Personal information
- Full name: Zoe Elise Arancini
- Born: 14 July 1991 (age 34) Subiaco, Perth, Western Australia
- Home town: East Victoria Park, Western Australia
- Height: 170 cm (5 ft 7 in)
- Weight: 70 kg (154 lb)

Sport
- Country: Australia
- Sport: Water polo
- Event: Women's team
- Club: Fremantle Marlins
- Coached by: Rebecca Rippon, Peter Arancini

Medal record
Olympic Games
| Silver medal – second place | 2024 Paris | Team |
World Championships
| Silver medal – second place | 2013 Barcelona | Team competition |
| Bronze medal – third place | 2019 Gwangju | Team competition |
Canada Cup
| Gold medal – first place | 2011 Canada Cup | Women |
FINA World League
| Silver medal – second place | 2010 United States | Women |
| Bronze medal – third place | 2009 Russia | Women |
FINA World Cup
| Silver medal – second place | 2010 Christchurch | Women |
FINA Junior World Championships
| Bronze medal – third place | 2011 Junior Worlds | Women |

= Zoe Arancini =

Australian club water polo player

Zoe Elise Arancini (born 14 July 1991) is an Australian water polo player who plays driver, counter-attacker, or outside shooter.

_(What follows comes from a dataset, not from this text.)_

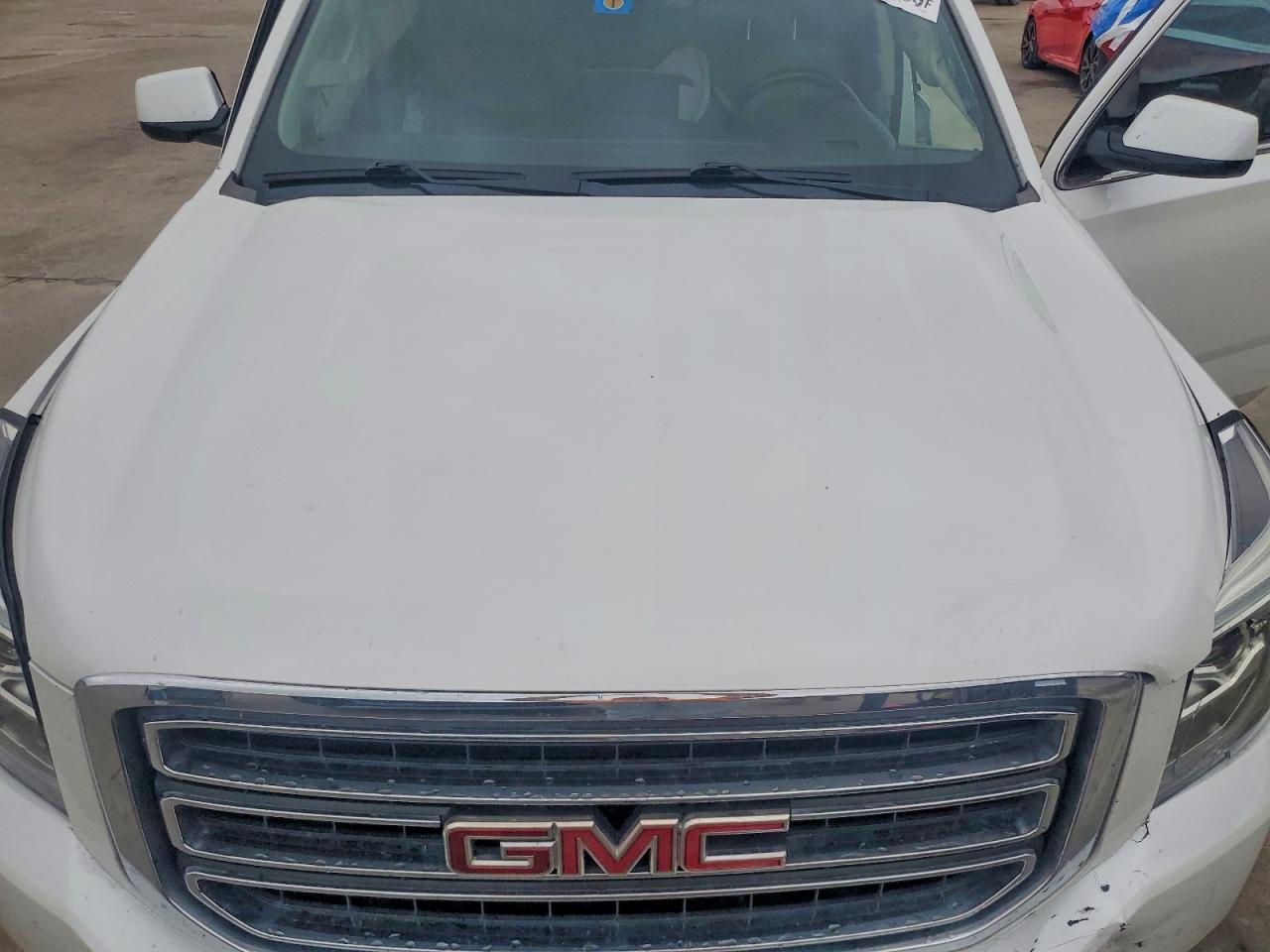 2019 GMC Yukon slt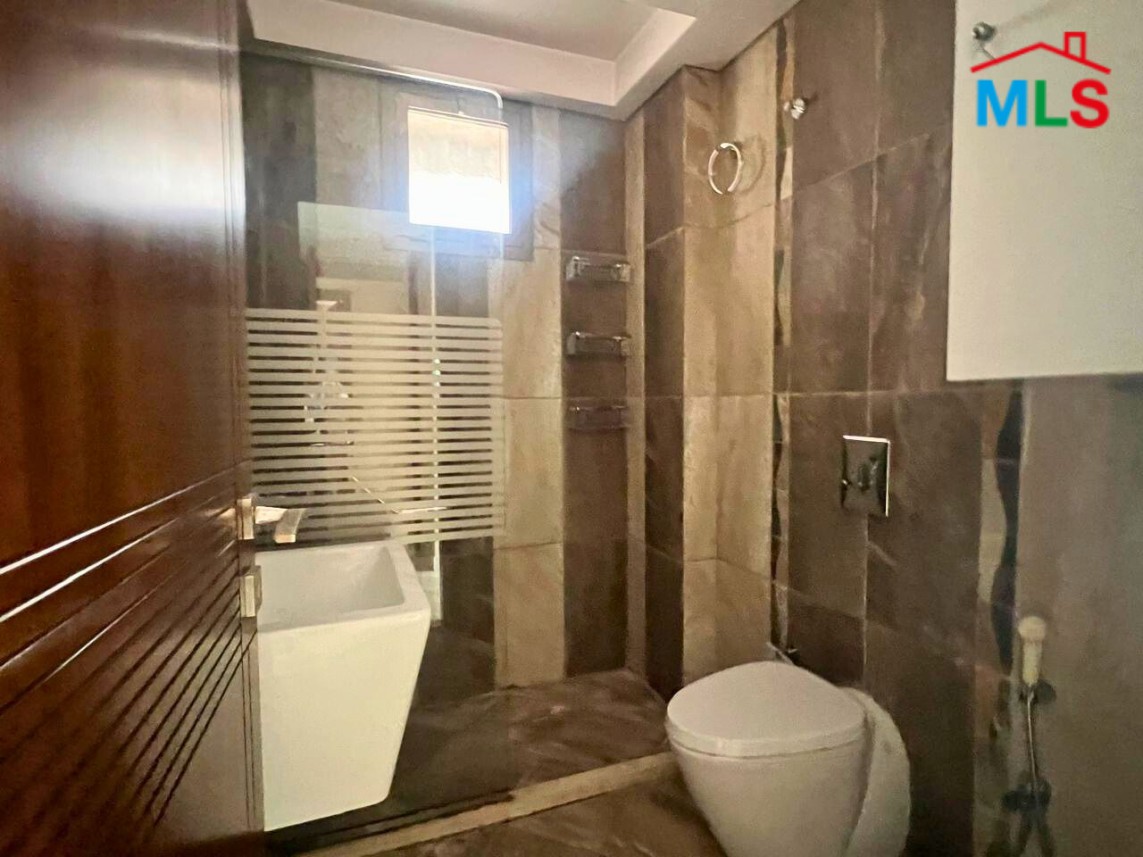 Spacious Apartment For Sale in Achrafieh, Sioufi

She plays club water polo in the National Water Polo League for the Fremantle Marlins, where she has won the league championship in 2005, 2007 and 2008 and is coached by her mother. Arancini has represented the country as a member of the Australia women's national water polo team on the junior and senior level, with over eighty appearances for national team between the two levels. She won a gold medal at the 2011 Canada Cup, silver medals at the 2010 FINA World League Super Finals and 2010 FINA World Cup, and bronze medals at the 2009 FINA World League Super Finals and 2011 FINA Junior World Championships. Arancini represented Australia at the 2016 and 2020 Summer Olympics. She was part of the Australian women's water polo team that finished in second place at the 2024 Summer Olympics.

==Personal life==
Arancini was born on 14 July 1991 in Perth, Western Australia.

She attended Kent Street Senior High School. She attends Curtin University where she is working on a degree in Agriculture and Environment majoring in Coastal Zone Management. She lives in East Victoria Park, Western Australia. She is 170 cm tall, weighs 70 kg and is right-handed.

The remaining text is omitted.